When you reach the line that holds "primer plano de", start copying exactly and keep going through the final line of the data, leaving out pictures.
___ MATERIAL PROVIDED
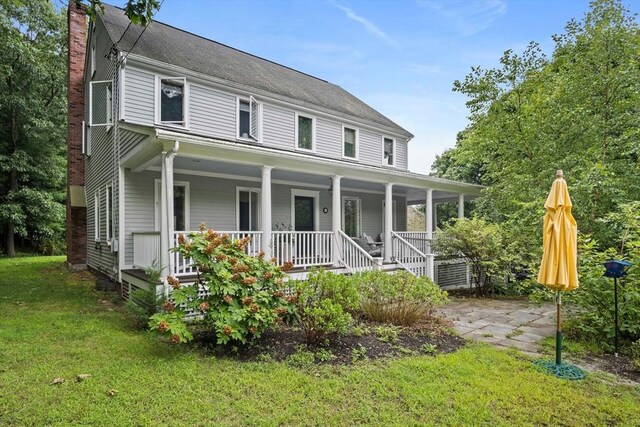 back of property with covered porch and a yard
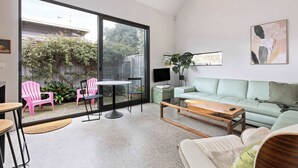 Una sala de estar moderna con un gran ventanal corredera que da a un jardín, un sofá verde claro, una mesa de centro de madera y sillas rosas.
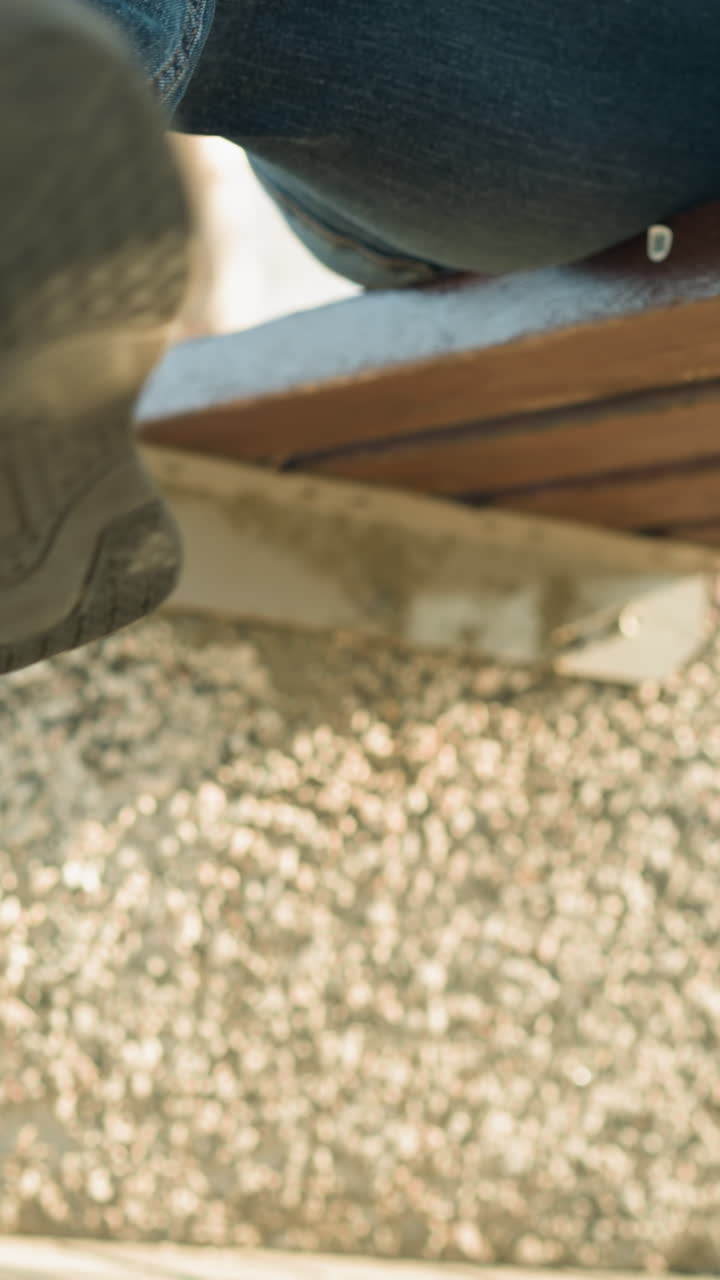 primer plano de un adulto y un niño sentados juntos en un banco, el niño cuelga las piernas jugosamente, tocando suavemente las piernas cruzadas del adulto, con un fondo borroso de árboles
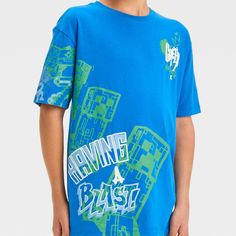 Your kid will love repping their favorite game wherever they go with this Minecraft Graffiti Short-Sleeve Graphic T-Shirt. This royal blue graphic T-shirt features Minecraft Creeper graffiti in green hues at the front along with the text "Having a blast," and "Creep" in graffiti-style white text for a fun look. Made from a cotton-blend fabric in a standard-fit cut, this tagless T-shirt offers comfort all-day cool comfort. Minecraft Graffiti, American Shorts, Blue Graphic, Green Hues, Kids Clothes Boys, Graffiti Styles, Top Graphic Tees, Light Blue Denim, Having A Blast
______
EXERCISE OUTPUT —
 primer plano de un adulto y un niño sentados juntos en un banco, el niño cuelga las piernas jugosamente, tocando suavemente las piernas cruzadas del adulto, con un fondo borroso de árboles
 Your kid will love repping their favorite game wherever they go with this Minecraft Graffiti Short-Sleeve Graphic T-Shirt. This royal blue graphic T-shirt features Minecraft Creeper graffiti in green hues at the front along with the text "Having a blast," and "Creep" in graffiti-style white text for a fun look. Made from a cotton-blend fabric in a standard-fit cut, this tagless T-shirt offers comfort all-day cool comfort. Minecraft Graffiti, American Shorts, Blue Graphic, Green Hues, Kids Clothes Boys, Graffiti Styles, Top Graphic Tees, Light Blue Denim, Having A Blast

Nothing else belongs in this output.